EXERCISE INPUT section start
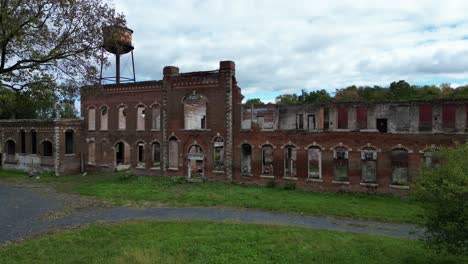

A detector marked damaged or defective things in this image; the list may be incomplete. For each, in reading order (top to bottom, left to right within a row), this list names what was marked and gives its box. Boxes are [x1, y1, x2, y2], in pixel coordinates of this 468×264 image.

broken window [183, 94, 207, 130]
broken window [418, 103, 434, 131]
broken window [442, 104, 458, 130]
broken window [332, 146, 348, 182]
broken window [390, 148, 408, 186]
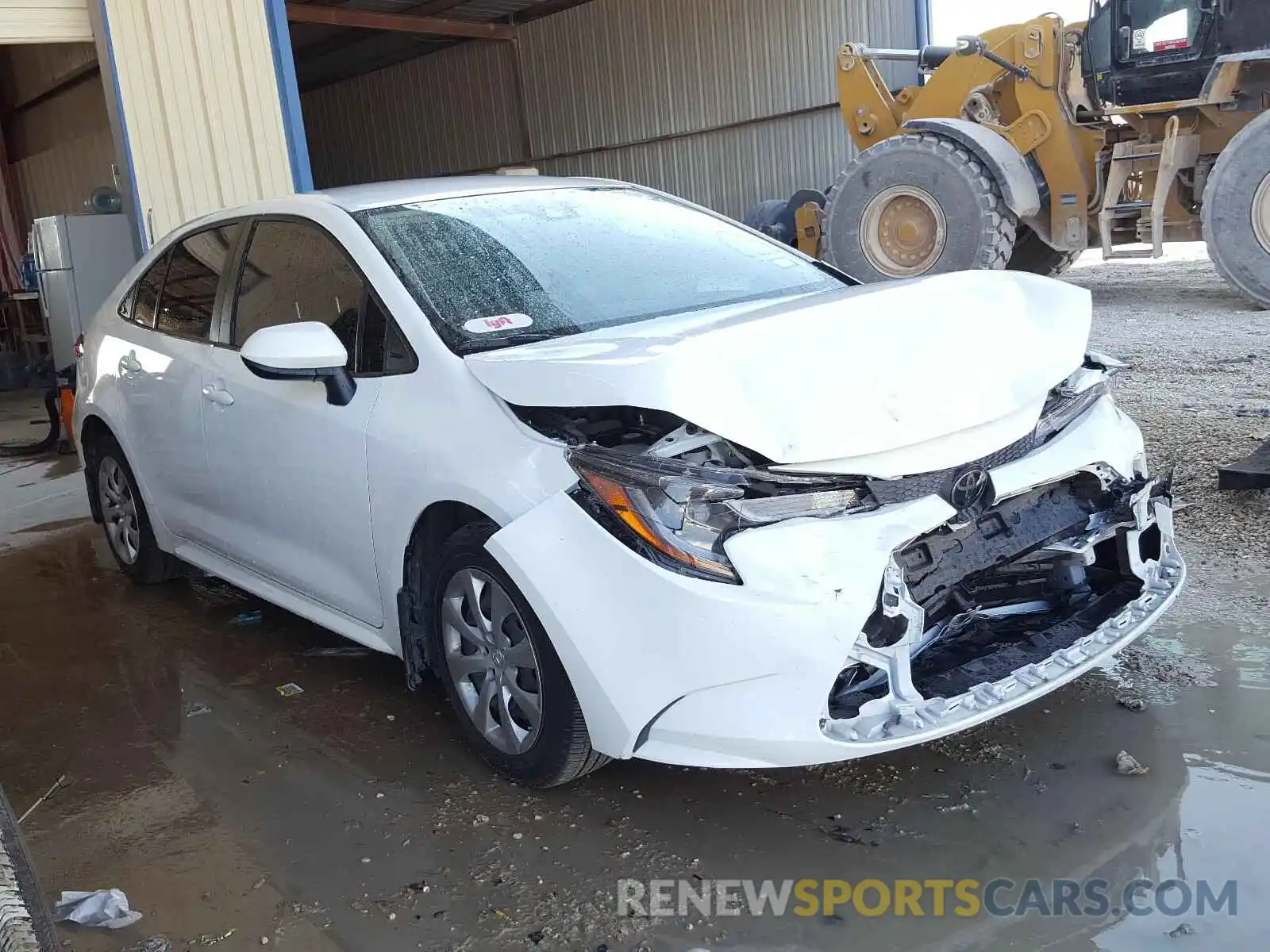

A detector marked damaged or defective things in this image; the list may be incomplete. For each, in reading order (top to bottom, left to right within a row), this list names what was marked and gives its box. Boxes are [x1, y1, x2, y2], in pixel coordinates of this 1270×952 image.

crumpled hood [467, 270, 1092, 474]
damaged front end of car [822, 474, 1178, 751]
EXERCISE INPUT section end
» WHAT YOU SHOULD DO: Set out, exactly as written, the lines from the line with "this 1270×952 image." to the last line of the records, inclusive, and only those lines.

» TASK RESULT:
A detector marked damaged or defective things in this image; the list may be incomplete. For each, in reading order (top to bottom, left to right within a row), this list names what was marked and gives its box. Boxes are [x1, y1, x2, y2], in pixel coordinates of this 1270×952 image.

crumpled hood [467, 270, 1092, 474]
damaged front end of car [822, 474, 1178, 751]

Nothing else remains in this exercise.